Национальное собрание ввело осадное положение, чтобы облегчить исполнительной власти подавление восстания, и установило законы, чтобы облегчить ей обуздание печати. Когда же исполнительная власть смешивает осадное положение с полной отменой законов, она глубоко заблуждается, и ее следует об этом предупредить. (Голос слева: «Превосходно!»)

Вот что мы должны сказать исполнительной власти.

Национальное собрание намеревалось предотвратить гражданскую войну, но не запретить обмен мнений; оно хотело вырвать оружие из рук людей, но не задушить их совесть. (Одобрительные возгласы слева.)

Чтобы восстановить мир на улицах, вы располагаете осадным положением; чтобы сдержать прессу, у вас имеются трибуналы. Не пользуйтесь же осадным положением для борьбы с прессой; вы применяете не то оружие и, полагая, что защищаете общество, на деле наносите рану свободе. (Движение в зале.)

Вы сражаетесь за священные принципы – за порядок, за семью, за собственность; мы последуем за вами, мы поможем вам в борьбе; но мы хотим, чтобы вы сражались, опираясь на законы.

Голос.Кто – мы?

Виктор Гюго.Мы – все Собрание. (Голоса слева: «Превосходно! Превосходно!»)

Я не могу не напомнить, что различие между осадным положением и отменой существующих законов подчеркивалось неоднократно и было понято и осознано всеми вами.

Осадное положение есть положение вполне определенное и законное – об этом уже говорилось; отмена законов есть положение чудовищное, в которое палата не захочет поставить Францию (движение в зале),в которое великое Собрание никогда не захочет поставить великий народ! (Снова движение в зале.)

Я не могу допустить, чтобы исполнительная власть таким образом трактовала свои полномочия. Что касается меня, я заявляю, что, голосуя за осадное положение, я имел в виду вооружить правительство всеми социальными средствами для защиты порядка; я отдал ему всю ту власть, которой я располагал как депутат; но я не санкционировал диктатуру, но я не отдал на ее произвол свободу мысли, но я не намеревался предоставить ей право цензуры и конфискаций! (Возгласы одобрения на многих скамьях. Возгласы протеста на других.)Цензура и конфискация – вот что в настоящий момент препятствует деятельности органов, призванных выражать общественное мнение. (Возгласы: «Да! Превосходно!»)Подобное положение несовместимо с обсуждением конституции. Необходимо, повторяю, чтобы печать была свободна, так как от свободы печати не в меньшей мере, чем от свободы самого Собрания, зависит качество и прочность конституции.

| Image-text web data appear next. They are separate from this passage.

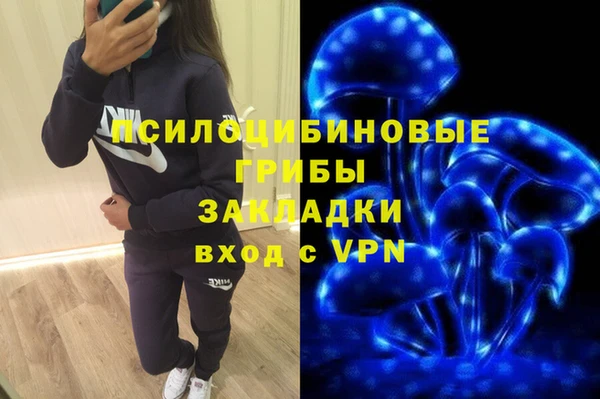 а пвп мука Алексеевка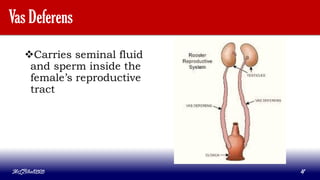 Vas Deferens
Carries seminal fluid
and sperm inside the
female’s reproductive
tract
MLBibat2020 4
 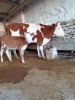 Kaliteli jersey ve simental süt inekleri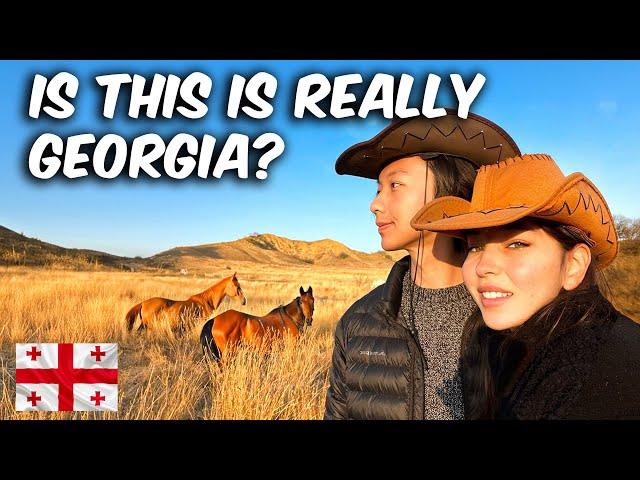 CAMPING with HORSES in the Mountains (Sleeping in a Tent) Best Experience in Georgia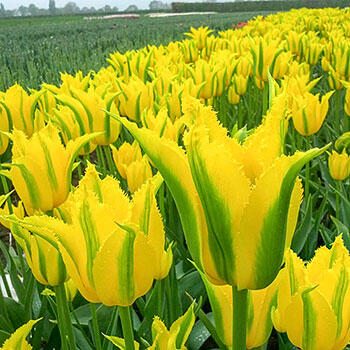 Extreme Yellow Tulip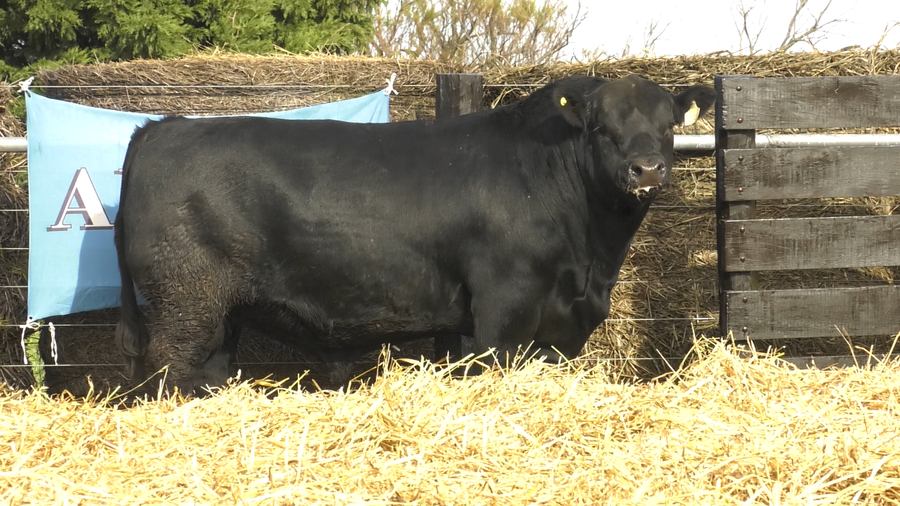 Lote TOROS ABERDEEN ANGUS PP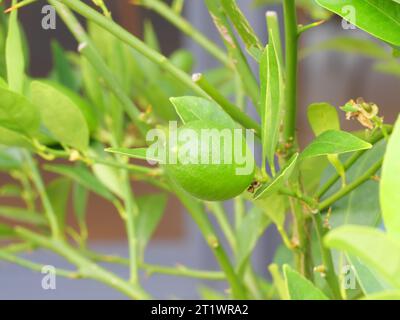 Fruits verts d'un limequat avec des feuilles vertes sur la plante d'agrumes avant maturation. Banque D'Images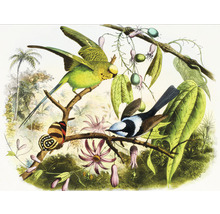 Fototapete Vlies HRBP100059 Vogel Illustration 2 7-tlg. 340 x 254 cm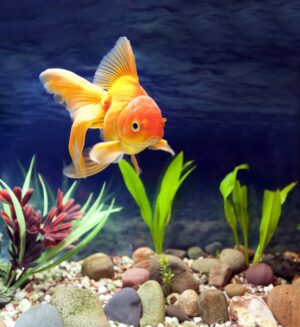 Do Gold Fish Eat poop in Aquarium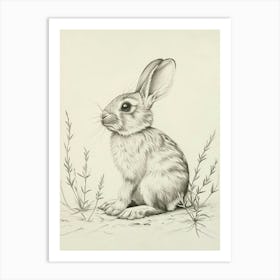 Mini Satin Rabbit Drawing 4 Art Print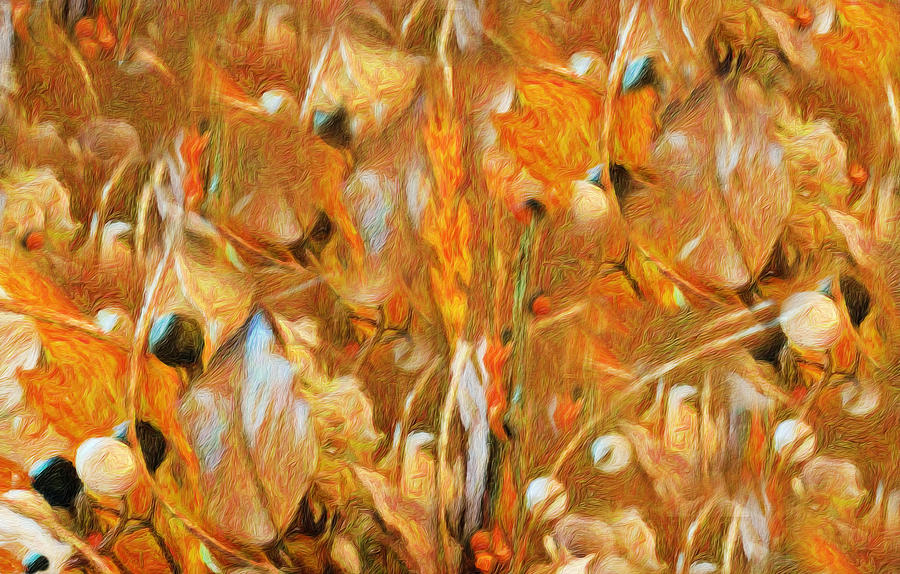 Autumn Colors in Abstract Photograph by Diane Lindon Coy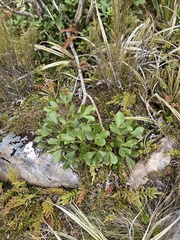 Pseudopanax colensoi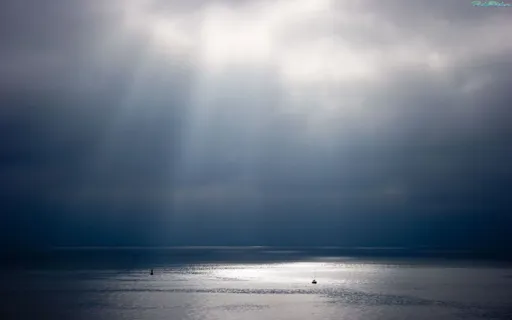 1363_6.webp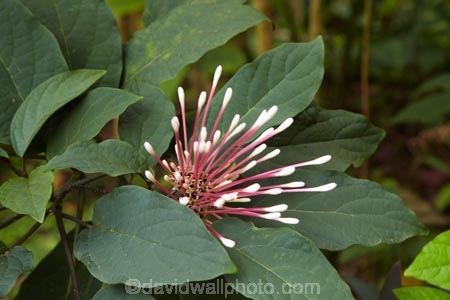 Coral-Coast;Crusoes-Resort;Crusoes-Retreat;Crusoes-Resort;Crusoes-Retreat;Fij;Fiji-Islands;flower;flowers;island;islands;Pacific;plant;plants;South-Pacific;tropical-flower;tropical-flowers;tropical-plant;tropical-plants;Viti-Levu;Viti-Levu-Is;Viti-Levu-Island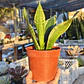Sansevieria Whitney  - Miniatura 3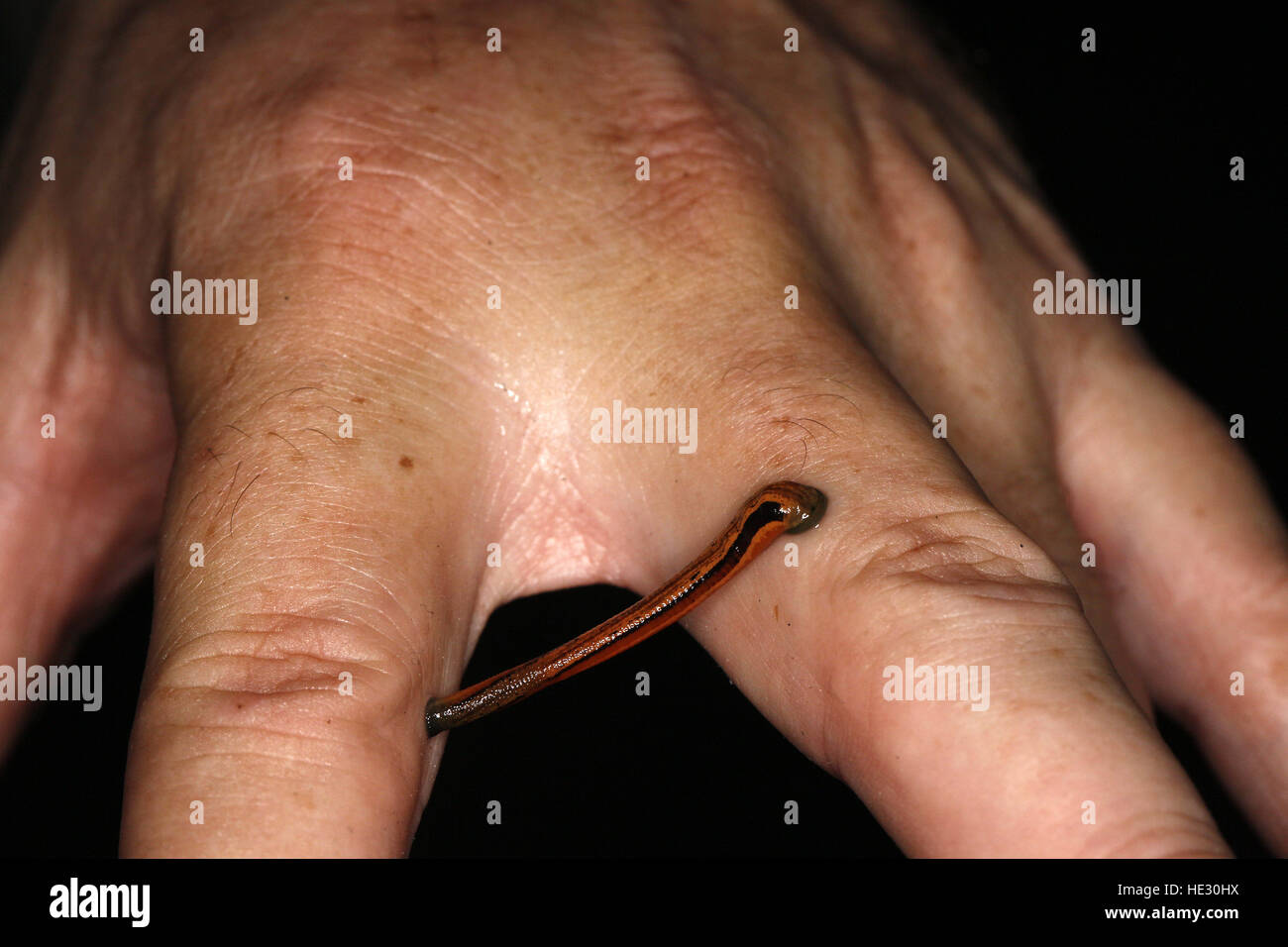 Tiger Leech, Haemadipsa picta, attached to hand Stock Photo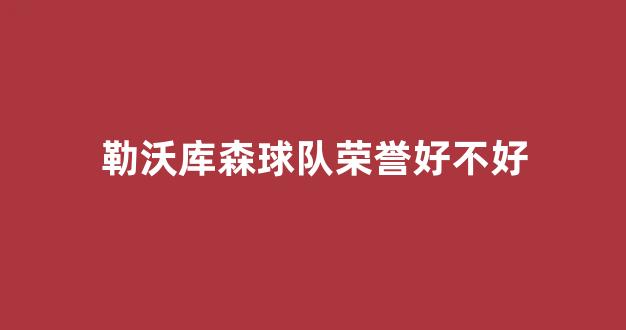 勒沃库森球队荣誉好不好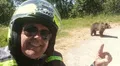 Turista muere tras ser atacado por oso pardo en Rumanía: se había tomado selfie con uno de sus cachorros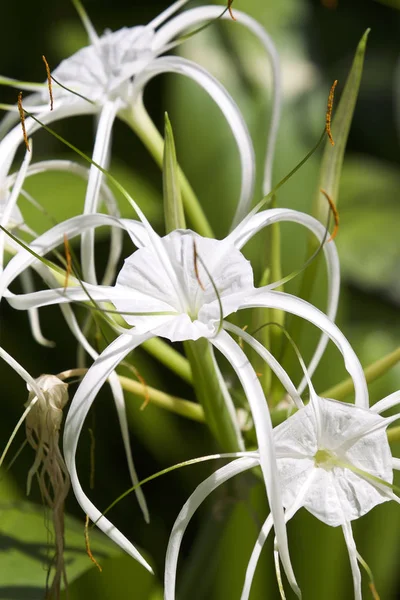 Fiori tropicali bianchi coltivati con lunghi petali — Foto Stock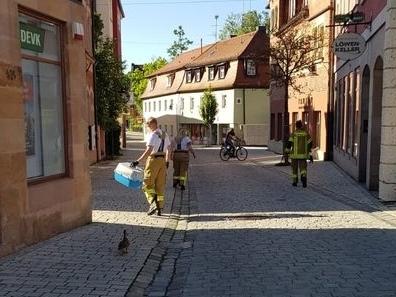 Die Enten-Mama (links unten im Bild) watschelte dem seltsamen Die Enten-Mama (links unten im Bild) watschelte dem seltsamen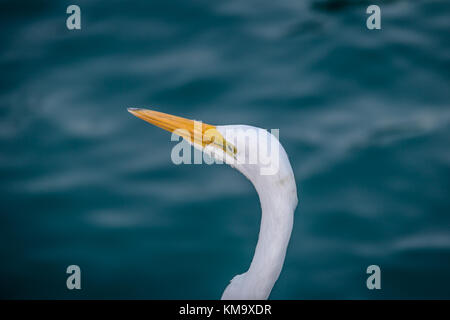 Great Egret (Ardea Alba) head - Ilhabela, Sao Paulo, Brazil Stock Photo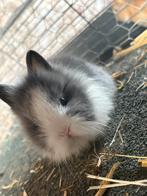 lieve aanhankelijke baby konijntjes, Dieren en Toebehoren, Konijnen, Meerdere dieren, Dwerg, 0 tot 2 jaar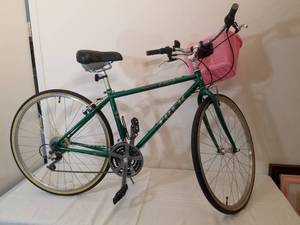Vintage Trek Bicycle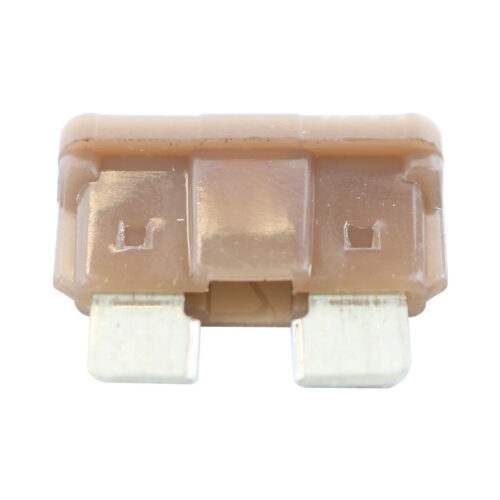 Raypak 013733F Fuse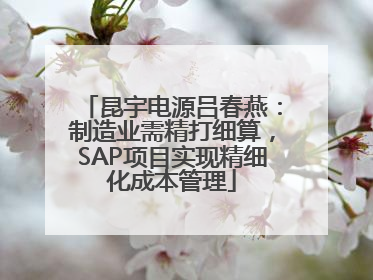 昆宇电源吕春燕：制造业需精打细算，SAP项目实现精细化成本管理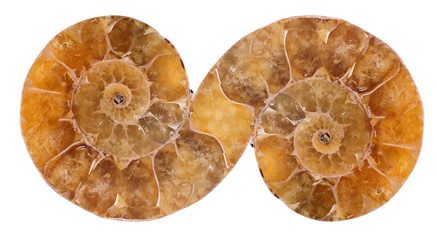 decoration from yellow ammonite on white © Alexander Potapov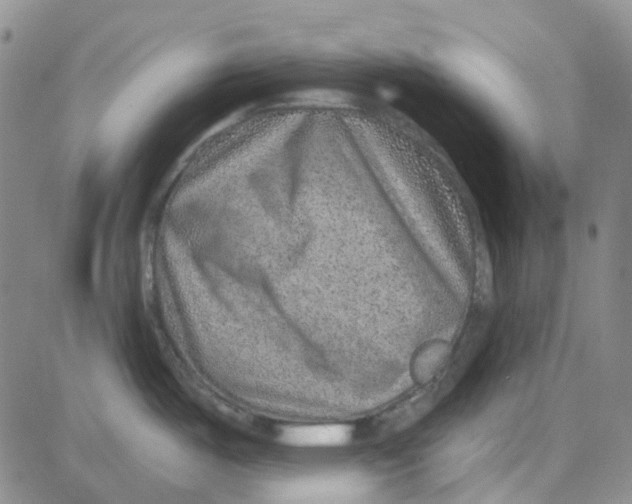 X0000080721487200701051022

С моей точки зрения, эти два условия неотделимы одно от другого, и я не могу допустить, что Собрание будет в достаточной мере свободным, то есть в достаточной мере осведомленным (восклицания в зале),если рядом с ним не будет свободной печати и если свобода мнений за пределами Собрания не будет освещать своим светом ваши свободные дискуссии.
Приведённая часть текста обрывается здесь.